DH is very smart, but he misses a lot by having bought that the world actually "is" exactly how his language describes it. Think about languages where "I" the subject, is not at the front of a sentence, but rather at the back, reinforced every time we speak. Does that produce people less likely to be narcissistic?
I am not even making a judgement call of one being better than the other. Just being aware if the possibilities and how shaped our thinking becomes, could help us.

purpledaisies's picture

Totaly i think she is meaning that the CHILD will understand better and there will be a 'different' kind of saying for the child and the spouse so it will separate the child and the spouse so they both will know there is a distinction between them and therefore NO competitiveness.

Justshootme's picture

I've had this conversation with my DH so many times, I've lost count. Now, if he calls me by something he calls my SDs, I blatently ignore him. Sad

purpledaisies's picture

mama_althea You are so right I have done a little research on what those mean so i understand them a little more and I have talked with dh about it too. He gets thank god.

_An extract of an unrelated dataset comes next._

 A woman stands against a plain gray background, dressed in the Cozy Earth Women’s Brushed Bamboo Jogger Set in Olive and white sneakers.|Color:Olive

So when he is talking to the boys and it is brought up he tells them he loves them but a different kind pf love then he loves me.

mama_althea's picture

"So when he is talking to the boys and it is brought up he tells them he loves them but a different kind pf love then he loves me."

Yep. So if our language had actual words to imply this distinction, like stepfamilyfriend brought up, the explanation wouldn't even need to be made. We would be living in that much less frustration.

stepfamilyfriend's picture

I really think so. I think there would not need to be so much explaining and reassuring. It would be a given from very early childhood. All the " who do you love more" become useless. It is constantly reinforced that the SO not only gets the caring feeling word, but the special "to amo". I don't recall that ever being a threat to a child. I think it is actually reassuring to have the two be separate.
Anyway, thanks fir the many replies. I think about language a lot.

dragonfly5's picture

In Greek there are 4 words for love, Agápe which is unconditional love, Éros which is passionate love and desire. Philia which is friendship or brotherly love and Storge which is natural affection like a parent child relationship.

You are so right...we Americans lump everything together and we exaggerate so much. I love shoes.....I love my daughter, I love spaghetti.

My Greek teacher in Bible college would be so proud! LOL!

Great post stepfamilyfriend.

alwaysanxious's picture

I really enjoyed reading this post. Language is a way we frame so much of our thinking. This fits with that well.